Sobre o falecido Samuel Klein, fundador das Casas Bahia

por Luis Felipe Miguel

Reprodução - internet
São fortíssimas as evidências de que o fundador das Casas Bahia mantinha um gigantesco esquema de pedofilia e foi responsável por violência contra muitas centenas de meninas. O filho, Saul Klein, que reportagem anterior de Mônica Bergamo revelou que está sendo processado pelo mesmo motivo, teria simplesmente herdado a estrutura montada pelo pai.

Ontem, em boa coluna, a ombudsman da Folha anotou seu estranhamento com o fato de que, exceto por duas colunas de opinião, o jornal ignorou a grave reportagem sobre o falecido Samuel Klein, publicada pela Agência Pública.

São fortíssimas as evidências de que o fundador das Casas Bahia mantinha um gigantesco esquema de pedofilia e foi responsável por violência contra muitas centenas de meninas. O filho, Saul Klein, que reportagem anterior de Mônica Bergamo revelou que está sendo processado pelo mesmo motivo, teria simplesmente herdado a estrutura montada pelo pai.

Era como um departamento extra das Casas Bahia, exclusivamente para gerir a pedofilia, com automóveis e helicópteros para transportar as vítimas, seguranças e advogados para amedrontá-las, agenciadoras, enfermeiras etc. Dezenas de processos foram encerrados com acordos de confidencialidade.

Acho difícil que tudo isso se destinasse apenas à satisfação da perversão do dono da empresa. Cheira a um “serviço” destinado a clientes importantes, o que também ajudaria a explicar a prolongada impunidade de algo que era de conhecimento de tanta gente. Mas estou apenas especulando.

Mas é de se perguntar o porquê do relativo silêncio da Folha. Longe de mim desculpar a mãe e a madrasta da menina Ketelen – nem tenho coragem de colocar por escrito o que desejo para elas. Mas por que o jornal faz uma cobertura tão extensa e mesmo, por vezes, sensacionalista do infanticídio cometido por duas ferradas e não julga que seus leitores devem ser informados de uma indústria de pedofilia comandada por empresários poderosos e bem relacionados na elite paulistana?

Tudo isso para observar outra ausência da cobertura da Folha, que quem sabe a ombudsman pode questionar no domingo que vem: o provável contato de milicianos com Bolsonaro (“o cara da casa de vidro”, “Jair”, “presidente”), logo após a morte de Adriano da Nóbrega. A reportagem do The Intercept Brasil deixa pouca margem para dúvidas.

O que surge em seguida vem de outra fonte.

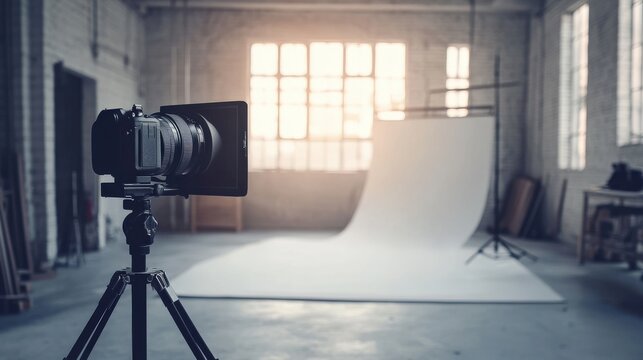 Professional photography studio setup with camera and backdrop for creative projects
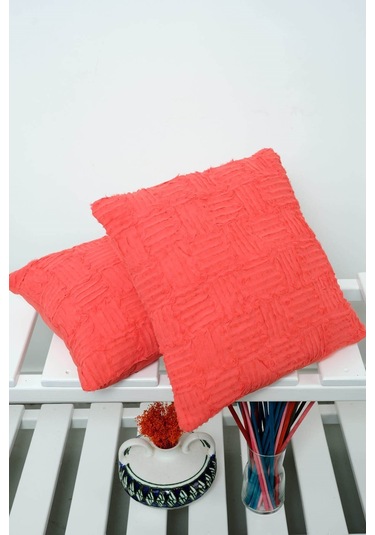 Peraluna Foam Pıllow Şifon Şerit Triko Yastık Kılıfı 45x45 Cm Koral - Koral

Se não fosse pela coluna de Celso Rocha de Barros hoje, o caso teria passado completamente despercebido na Folha.

A ausência, que a Folha compartilha com o Estadão e com O Globo, mostra a ambiguidade do “oposicionismo” da grande imprensa.

Talvez seja a má consciência. As conexões de Bolsonaro com o crime organizado eram bem conhecidas, mas os jornalões preferiram ocultá-las quando aderiram à sua candidatura à presidência.

Como bem lembrou Celso Rocha de Barros, a relação de Bolsonaro com as milícias é um elemento de enorme gravidade da conjuntura política.

Trata-se de um sujeito que, além de não ter nenhum apreço à democracia, morre de medo de deixar o cargo – porque sabe que, se a lei voltar a vigorar no país, seu lugar e o de seus familiares é a cadeia. E, como observa Adam Przeworski em seu (não muito bom) livro Why bother with elections?, governantes que sofrem riscos graves de punição não são muito propensos a aceitar a alternância no poder.

E esse sujeito é íntimo de grupos de facínoras armados, que penetram fortemente nas corporações policiais. Como isso pode ser legitimamente descartado do noticiário?